Yes, when performing maintenance on the fist host, I vMotion the vCenter and SQL VM to the second host in the cluster. And yes, there is less resillience for vCenter then because the second host is not running on local storage. The consequence would be that if now the whole site fails, I would have trouble getting all my hosts running again since they rely on vCenter.
My considerations on why having only one host on physical store (boot from SAN) is enough in this cluster are as follows:
- The time an ESXi host is in maintenance mode is always relatively short. When performing an update or even reinstalling the host, it will be in maintenance mode for 30min max. Even when performing hardware changes, I think you won’t be in maintenance mode for more than one hour.
- Actually, with the UCS blade profiles being hardware independent, if extensive maintenance would have to be performed on the physical blade, I would probably first switch blades. I would give another blade the role of first ESXi host.
- When the first ESXi host is in maintenance mode and the second ESXi host would fail, VMware HA will pick up the failure of that host and bring vCenter and SQL online again.
With the above points I conclude that the maximum downtime of the first ESXi host is very low. A maximum of one hour. Since we all know mister Murphy visits you when you least expect it, it could still happen that the whole cluster goes down when the first host in maintenance mode. Should that happen, recovery could be done in the following ways:
- When first ESXi was in maintenace mode because of updates, you could just restart it again and reregister the vCenter and SQL VM to the host.
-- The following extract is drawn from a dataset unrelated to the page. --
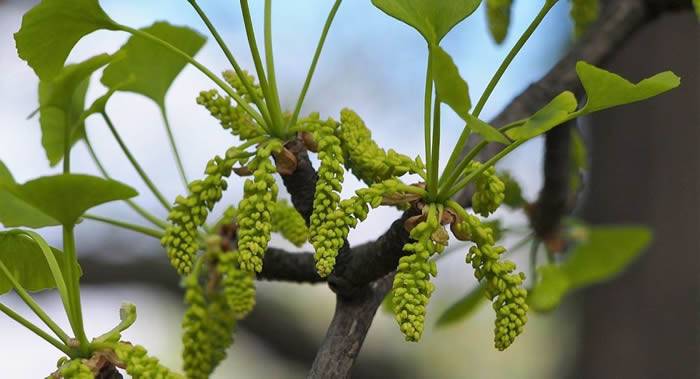 扬州大学研究发现银杏的植物组织能在几百年甚至几千年内不停生长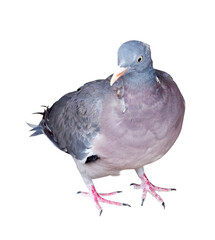 big Beautiful pigeon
- When first ESXi was in maintenance mode because the blade was unavailable, a different blade can be assigned the profile of the first host and boot as if it is the first ESXi host.
- If the failure that hits the site at the most unfavorable time has a bigger impact and makes my blade center unavailable, I would have lost access to my SAN too, so my only recovery is VMware SRM.
The chances of this all happening are small enough to NOT buy an extra vCenter license for a management cluster. Also this cluster would have to be in different rack, different blade center and on different SAN to offer bigger resilience. The extra costs are too big for just that little extra safety.